The reader, whether he lives in the United States or any other civilized country, will have no difficulty in securing documentary evidence of the correctness of Buys Ballot’s Law in the shape of the daily weather maps issued by the various meteorological services. On a weather map showing conditions anywhere in the northern hemisphere it will be found that the winds (which are indicated by little arrows), though subject to a good many local variations, have a general tendency to blow in the direction followed by the hands of a clock (“clockwise”) around an area of high pressure, and in the opposite direction (“counterclockwise”) around an area of low pressure. It will likewise be noticed that, in general, the winds, instead of blowing along the isobars, are strongly inclined inward in the case of a low-pressure area and outward in the case of a high-pressure area. Lastly, if the map indicates the force of the winds at different places, it will be seen that winds are strongest where the isobars are close together and weakest where they are far apart.

It is a matter of much interest to aeronauts that the force of the wind generally increases with altitude, and that, in the lower flying levels, the winds are little, if any, inclined to the isobars.

The spacing of the isobars is called the barometric gradient. One of the conventional ways of expressing a gradient numerically is to state the horizontal difference of pressure, in hundredths of an inch, for an interval of fifteen nautical miles; but meteorologists as a rule merely describe gradients as “steep,” “gentle,” “moderate,” etc., without indicating their numerical values.
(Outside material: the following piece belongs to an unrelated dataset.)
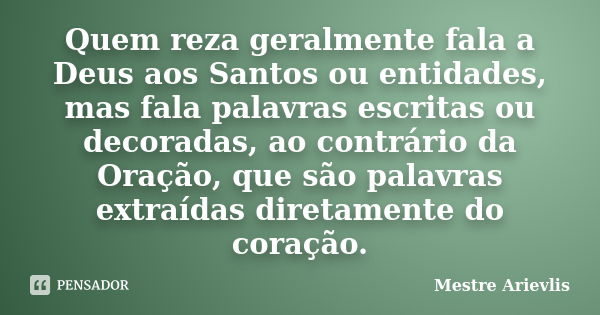 Quem reza geralmente fala a Deus aos Santos ou entidades, mas fala palavras escritas ou decoradas, ao contrário da Oração, que são palavras extraídas diretament... Frase de Mestre Ariévlis.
If the great difference in temperature between the equatorial and polar regions were the only factor in the control of atmospheric circulation, there would be a strong barometric gradient between these regions and there would result a simple circulation of winds, blowing poleward from the equator aloft and equatorward from the poles at the earth’s surface. The former tendency of writers on meteorology and physical geography was to regard such a circulation as a substantial fact, though modified by the effects of the earth’s rotation and various local causes. Thus the idea has prevailed of a wholesale, direct exchange of air between the poles and the equator. Nowadays we can hardly maintain this idea, because we see that, on account of the great deflections they undergo, the main drifts of air are approximately along parallels of latitude and not along meridians of longitude. Within the tropics the general drift of the lower air is from the east (and near the equator this drift prevails up to a great height); in middle latitudes it is from the west; and in the circumpolar regions it is again from the east. Air from the equator presumably does find its way to high latitudes, and vice versa, but neither rapidly nor directly.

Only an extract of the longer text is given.